Ghost Lights in the Mangroves – Kampung Kuantan, Kuala Selangor, Malaysia

Ghost Lights in the Mangroves

Kampung Kuantan, Kuala Selangor, Malaysia

The river at dusk in Kuala Selangor
The river at dusk in Kuala Selangor
Even from a short distance the lights appeared eerie. Or was there even any light in the darkness. Perhaps the senses were just playing games in this sensory-deprived environment.

We had left the city of Kuala Lumpur earlier in the day and had headed northwest some 75 kilometers along the shores of the Malacca Straits, the world’s busiest shipping lane. We’d seen the delightful monkeys at Kuala Selangor at the mouth of the Selangor river (kuala in the Bahasa language means river mouth; the name of Malaysia’s capital, Kuala Lumpur, thus, translates into muddy river mouth – hardly what the clean and modern metropolis looks like today), and had fabulous seafood right by the river where our meal had been caught. As the night started to fall, we drove to Kampung Kuantan not far from the town to experience the “miracle and mystery of firefly” promised by the tourist advisory. A miracle and mystery it was.

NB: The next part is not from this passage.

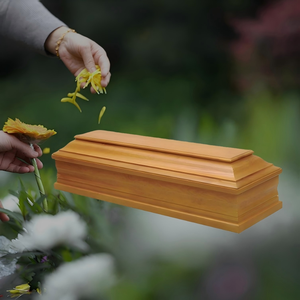 Гроб из массива дерева в европейском стиле, экологичный, биоразлагаемый, для младенцев и взрослых, с возможностью индивидуального дизайна - Product Image 5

The occasion was amazing, as all conditions had aligned to make the night perfect. There had been a heavy thunderstorm earlier in the evening that had washed the dust off the air. But now it was clear. Most uniquely, the night was totally dark as the result of a rare lunar eclipse. This small trip could turn into a once-in-a-lifetime experience!

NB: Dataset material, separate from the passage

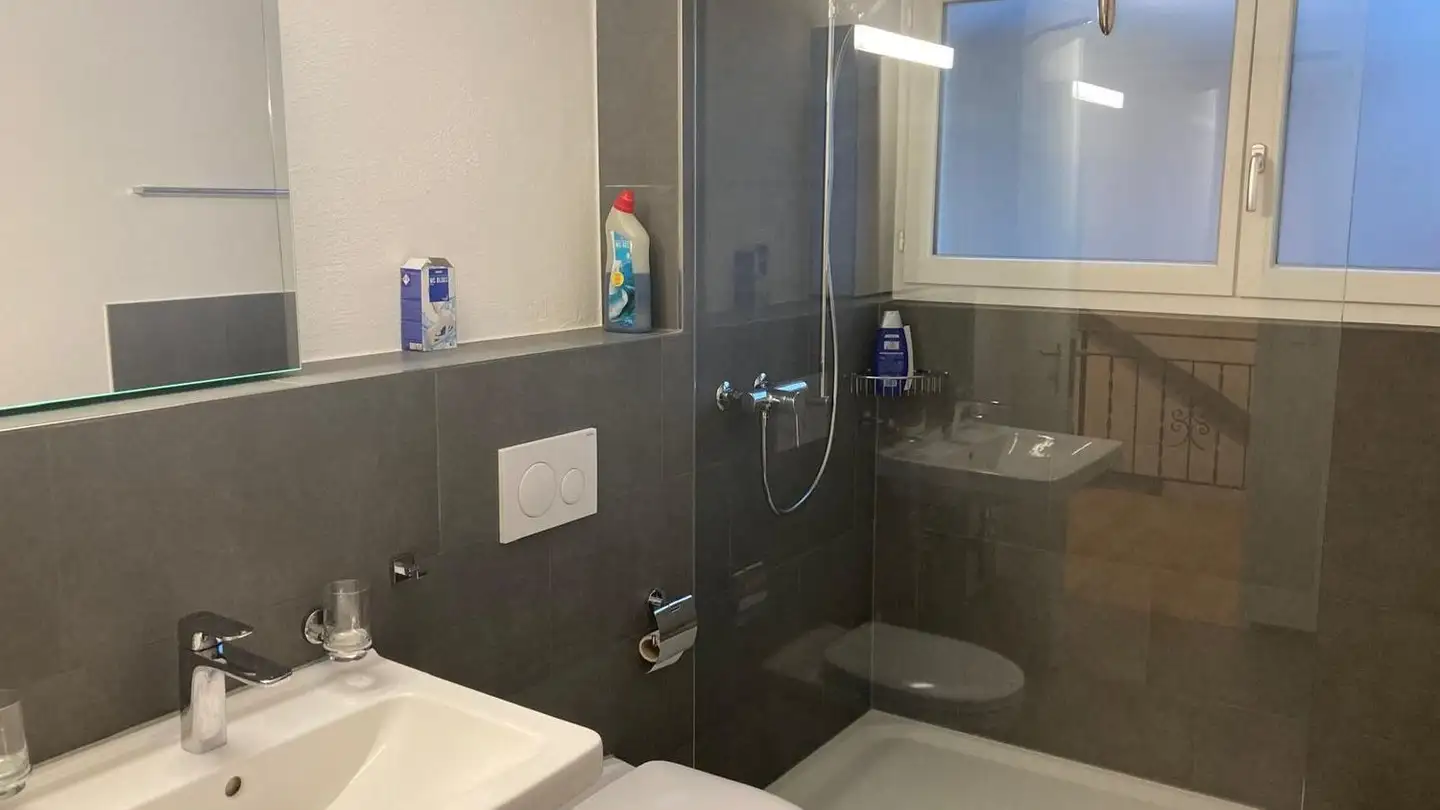 Zimmer mieten - Am Linthli 18, 8752 Näfels - Foto 2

The tide was exceptionally high as we approached the pier. In fact, it was so high that we had to remove our shoes and roll up our jeans 30 metres from the jetty. For the rest of the way, we waded through the solid ochre of the river water until we reached the small wooden boat waiting on the dark water. The oarsman, a wiry local with looks that would not reveal his age, stood at the end of the small barge. It would float just centimetres above the river level once the three of us boarded.

On the river peacefulness reigned. The surface was still; not even a hint of a breeze. The yellowish brown of the water appearedfertile and welcoming rather than muddy and uninviting. On both sides, thick mangrove vegetation stood in the flooded landscape. The stillness was something we urbanites are not used to. The only sounds were produced by living beings other than humans. To the east, there was the deep chorus of frogs that croaked at a low, soothing frequency. At a much higher pitch, crickets and other critters provided their own constant background sound. Physiologically, it has been proven that nature sounds – even when they can be measured to be as loud as any produced by human systems – are not stressful to people; rather they provide rest to the senses.

The most amazing sound came from the direction of the youngest mangrove trees. The fireflies were dancing to the beat only known to them, producing a rhythmic whistling sound. The entire riverside was lit with pulsating lights, the bushes over the flat surface of the river appearing like Christmas-lit garden reindeer standing on the lawn of suburban homes in Virginia or Oregon. There were literally millions of the infinitesimal beetles. Lights shone like small but bright beacons guiding a wayward seafarer towards the shore. The tiny lights shining from their equally tiny butts reflected brightly from the river’s brown surface.

The boat and the oarsman
The boat and the oarsman
Fireflies are sensitive creatures dependent on a stable environment. They are thus vulnerable to any changes in the conditions under which they live. Their lifecycle from the time they emerge as eggs through the larvae stage until their mature state is completely harmonized with the natural habitat in which they spend their lives. They are an integral part of the river ecosystem that nurtures them. They are hatched further away from the river, and then they migrate closer to the water. This night’s illumination represented the culmination of the bugs’ lives: mating. For this purpose, they choose only young Berembang trees; hence their massive concentrations in these select bushes arising from the muddy bottom of the tidal river.

Gliding silently next to the mangroves, we tried to catch the tiny insects in the palms of our hands. They were small indeed, and we could see the light throbbing in their little bodies. We did not hold them long, so as not to reduce their chances of finding a desirable partner to produce the next generation. The pair we had captured eagerly flew back to the bushes.

The night on the river was amazing in its quiet – made loud by the sounds of the myriad inhabitants of the rich and still unspoiled ecosystem, lit up by the ghostly lights of the fireflies and the distant flashes of the retreating thunder. We were alone, except for our fellow species whose kingdom this was. Hopefully, the modest income to the communities generated by the small-scale ecotourism would be enough to keep the developers from encroaching on this lovely piece of real estate. Its value cannot be measured in monetary terms. The inner peace we felt as we emerged from the canoe is beyond measurement.